Le Zeus ou Dieu irrévélé, habite dans l’éther immense, il l’emplit tout entier, car il est tout. Sa vie est divisée comme celle de l’homme, en jours et en nuits.
Le jour se compose de quatre âges; Crita-youga ou âge d’or; Treta-youga ou âge d’argent; Devapara-youga ou âge d’airain; Cali-youga ou âge de fer.
Chacun de ces quatre âges dure trois mille années divines, soit un million sept cent vingt-huit mille années humaines.
Les quatre âges équivalent à douze mille années divines, soit six millions deux cent douze mille années humaines.
Le jour et la nuit de Brahma se composent donc chacun de six millions deux cent douze mille années humaines, car le jour et la nuit sont d’égale durée.
Lorsque commence le jour divin, Brahma se réveille, et son esprit se met à créer: l’éther, l’air, l’eau, le feu paraissent d’abord; la matière se forme, se divise, les mondes commencent à graviter dans l’espace, la lumière, la chaleur, l’air et l’eau développent sur chaque monde l’existence végétale et animale, et pendant tout un jour du dieu, la nature entière fermente dans l’immense creuset, engendrant partout la force, le mouvement, la vie; mais au jour va succéder la nuit… Empruntons à Vamadéva-Modely la description de cette seconde période de l’existence divine.

« De toutes parts des bruits étranges se produisent, précurseurs de la nuit de Brahma, le crépuscule se lève, le soleil vient de passer au trentième degré du macara (monstre marin, signe du zodiaque), il n’arrivera point au signe des minas (poissons, signe du zodiaque), et les gourou des pagodes, préposés au rasitchacra (zodiaque) peuvent briser leur cercle devenu inutile.

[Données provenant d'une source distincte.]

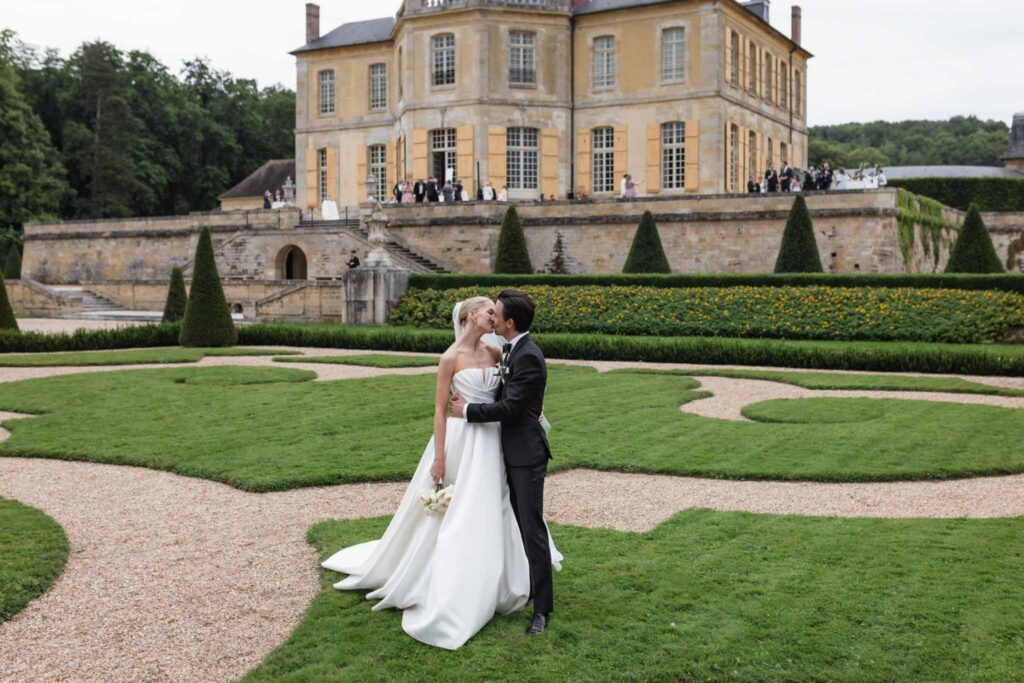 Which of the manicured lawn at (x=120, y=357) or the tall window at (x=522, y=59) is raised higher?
the tall window at (x=522, y=59)

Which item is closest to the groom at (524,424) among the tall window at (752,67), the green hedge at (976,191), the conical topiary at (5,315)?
the conical topiary at (5,315)

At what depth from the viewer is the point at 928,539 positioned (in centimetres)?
652

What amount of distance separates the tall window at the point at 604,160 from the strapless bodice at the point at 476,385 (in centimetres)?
2989

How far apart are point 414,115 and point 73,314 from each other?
12.2 meters

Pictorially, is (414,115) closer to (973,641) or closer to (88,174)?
(88,174)

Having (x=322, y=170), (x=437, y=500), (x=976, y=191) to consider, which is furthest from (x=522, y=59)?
(x=437, y=500)

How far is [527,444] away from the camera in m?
5.19

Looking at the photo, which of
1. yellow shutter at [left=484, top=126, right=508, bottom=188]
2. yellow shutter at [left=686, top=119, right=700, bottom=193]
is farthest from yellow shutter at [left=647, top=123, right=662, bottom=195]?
yellow shutter at [left=484, top=126, right=508, bottom=188]

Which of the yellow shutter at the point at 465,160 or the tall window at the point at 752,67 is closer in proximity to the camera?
the yellow shutter at the point at 465,160

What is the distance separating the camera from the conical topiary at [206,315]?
21016mm

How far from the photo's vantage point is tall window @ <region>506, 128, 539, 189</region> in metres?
34.3

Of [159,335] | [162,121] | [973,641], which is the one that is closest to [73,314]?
[159,335]

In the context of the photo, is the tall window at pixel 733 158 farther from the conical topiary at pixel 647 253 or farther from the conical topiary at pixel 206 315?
the conical topiary at pixel 206 315

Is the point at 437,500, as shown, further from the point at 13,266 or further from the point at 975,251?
the point at 13,266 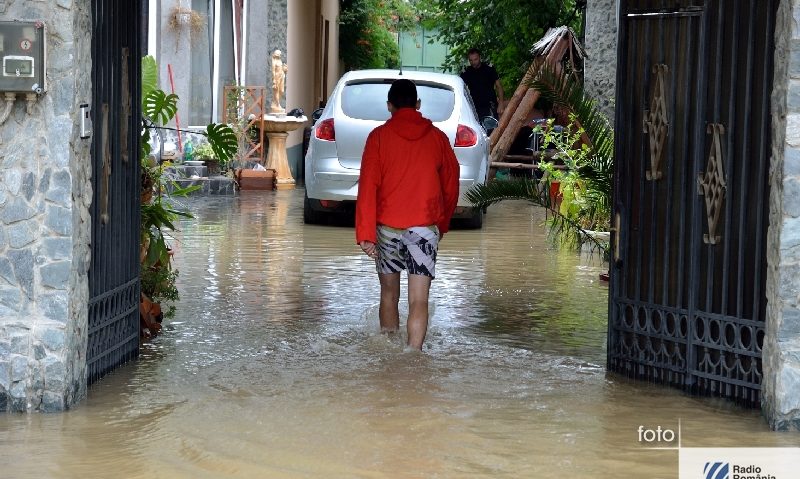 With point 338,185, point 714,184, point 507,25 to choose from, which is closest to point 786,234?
point 714,184

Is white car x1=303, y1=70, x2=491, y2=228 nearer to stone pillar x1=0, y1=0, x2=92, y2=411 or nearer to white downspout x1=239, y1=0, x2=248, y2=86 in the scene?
stone pillar x1=0, y1=0, x2=92, y2=411

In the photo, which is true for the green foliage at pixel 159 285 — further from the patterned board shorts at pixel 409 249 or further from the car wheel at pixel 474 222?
the car wheel at pixel 474 222

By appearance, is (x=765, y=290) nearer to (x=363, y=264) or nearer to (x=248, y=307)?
(x=248, y=307)

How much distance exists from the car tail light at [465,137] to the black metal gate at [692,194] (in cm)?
668

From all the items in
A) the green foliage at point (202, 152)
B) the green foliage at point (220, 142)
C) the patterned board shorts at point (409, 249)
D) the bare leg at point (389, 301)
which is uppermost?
the green foliage at point (220, 142)

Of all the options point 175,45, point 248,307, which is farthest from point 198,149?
point 248,307

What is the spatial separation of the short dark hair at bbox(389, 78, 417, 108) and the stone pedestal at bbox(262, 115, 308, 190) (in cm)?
1266

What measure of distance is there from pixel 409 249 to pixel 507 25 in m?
19.1

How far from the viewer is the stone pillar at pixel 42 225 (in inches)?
239

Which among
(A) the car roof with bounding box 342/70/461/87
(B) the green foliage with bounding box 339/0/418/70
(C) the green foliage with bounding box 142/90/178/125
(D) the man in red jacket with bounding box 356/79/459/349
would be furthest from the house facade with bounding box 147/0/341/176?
(D) the man in red jacket with bounding box 356/79/459/349

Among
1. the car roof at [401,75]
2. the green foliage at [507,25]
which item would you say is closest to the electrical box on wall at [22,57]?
the car roof at [401,75]

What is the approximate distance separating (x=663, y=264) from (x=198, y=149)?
511 inches

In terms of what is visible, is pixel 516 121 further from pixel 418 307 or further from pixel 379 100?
pixel 418 307

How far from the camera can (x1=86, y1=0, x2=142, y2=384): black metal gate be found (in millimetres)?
6723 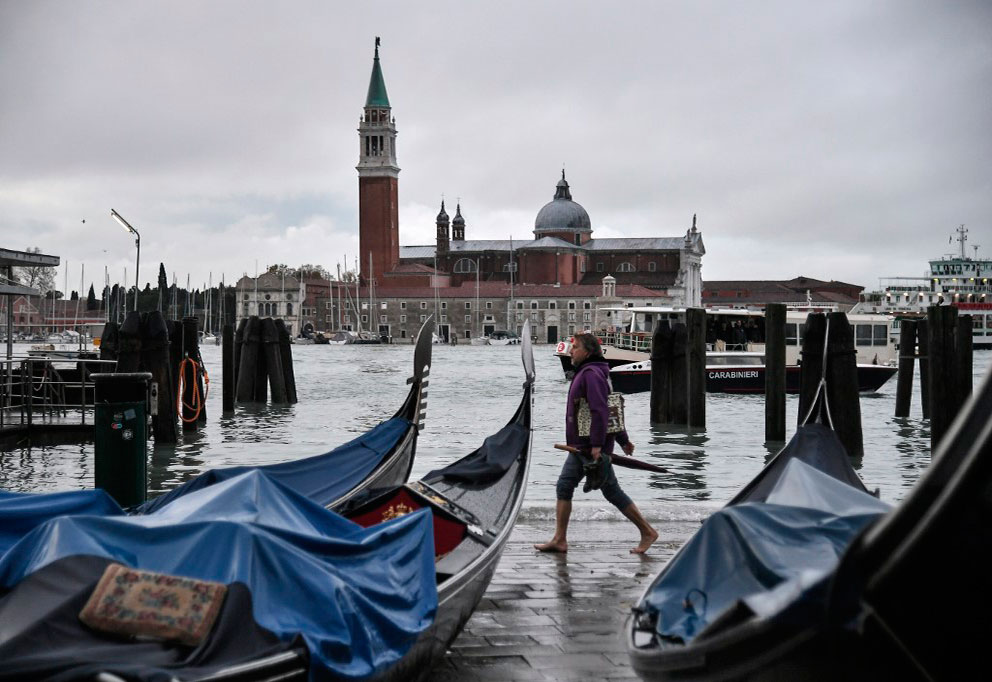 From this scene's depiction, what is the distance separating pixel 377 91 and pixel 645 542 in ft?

« Peu à peu la lumière pâlit, la chaleur diminue, les lieux inhabitables se multiplient, l’air se raréfie de plus en plus; les sources tarissent, les grands fleuves voient leur eau s’épuiser peu à peu, l’Océan n’a plus que du sable, les plantes meurent, les hommes et les animaux diminuent tous les jours; le mouvement et la vie perdent leur force, les astres ne gravitent plus qu’avec peine dans l’espace, comme une lampe que la main du chocra n’entretient plus, Sourya (le soleil) vacille et s’éteint, la matière tombe dans le pralaya (dissolution), et Brahma devient Zeus, c’est-à-dire le dieu irrévélé qui se replie sur lui-même, et n’ayant plus rien à faire, puisque son jour s’est accompli, il tombe dans le repos… et s’endort.
« Et il renferme dans l’œuf d’or de sa pensée, le germe de tout ce qui existe, ainsi que le dit le divin Manou. – Pendant son paisible sommeil, les êtres animés pourvus des principes de l’action quittent leurs fonctions et le sentiment (manas) tombe dans l’inertie. Lorsqu’ils sont dissous en même temps dans l’Âme suprême, cette âme de tous les êtres dort tranquillement dans la plus parfaite quiétude.
« Après s’être retiré dans l’obscurité primitive, elle y demeure longtemps sans accomplir ses fonctions, et dépouillée de sa forme qu’elle ne reprend qu’au réveil.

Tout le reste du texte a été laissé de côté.